--- What the task requires ---
All pictures must be dropped, while the entries are given again word for word.

● ● ● ● ● ● ●

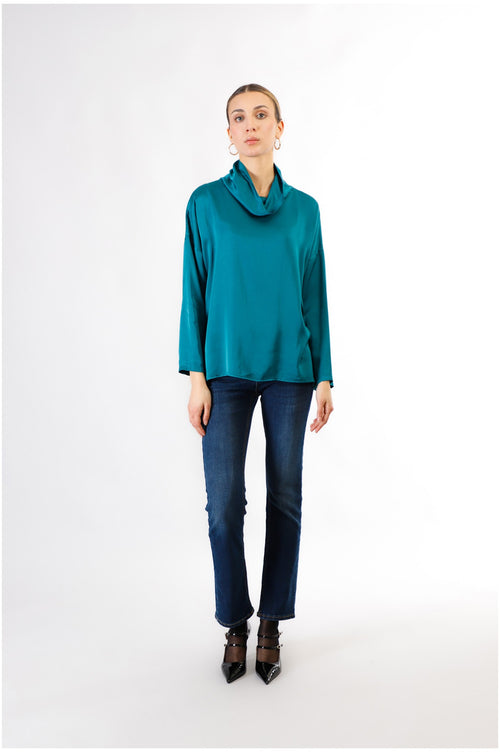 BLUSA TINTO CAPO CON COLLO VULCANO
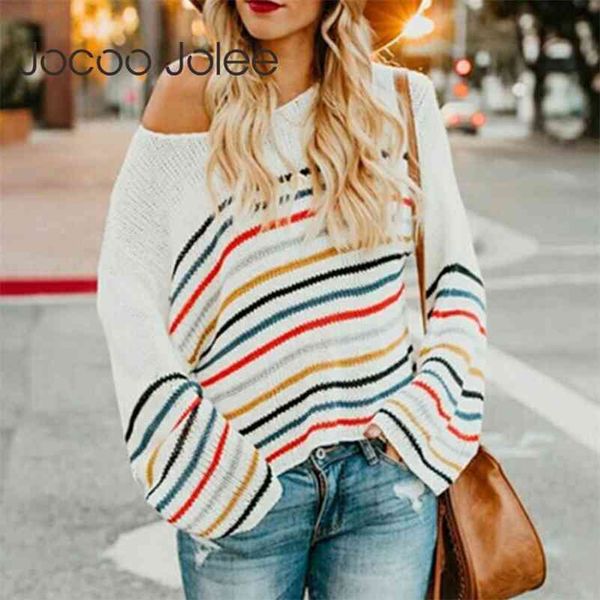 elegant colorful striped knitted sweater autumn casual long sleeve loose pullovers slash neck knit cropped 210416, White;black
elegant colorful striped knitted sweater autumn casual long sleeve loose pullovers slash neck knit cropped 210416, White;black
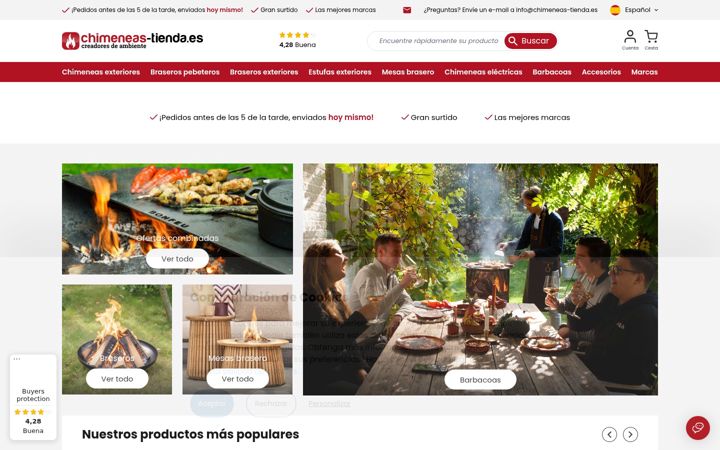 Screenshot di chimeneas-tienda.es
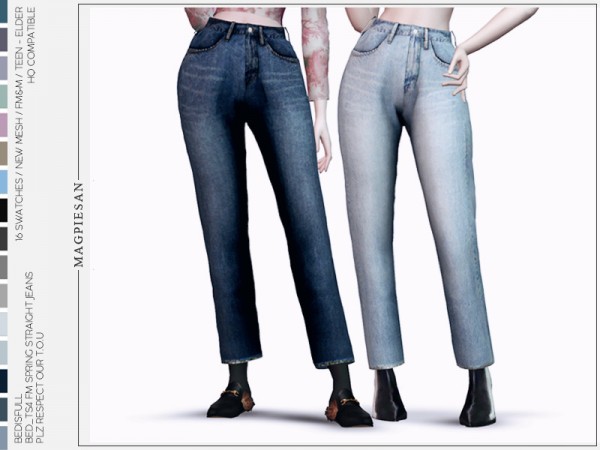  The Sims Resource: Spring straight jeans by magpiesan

● ● ● ● ● ● ●

--- Solved problem ---
 BLUSA TINTO CAPO CON COLLO VULCANO
 elegant colorful striped knitted sweater autumn casual long sleeve loose pullovers slash neck knit cropped 210416, White;black
elegant colorful striped knitted sweater autumn casual long sleeve loose pullovers slash neck knit cropped 210416, White;black
 Screenshot di chimeneas-tienda.es
  The Sims Resource: Spring straight jeans by magpiesan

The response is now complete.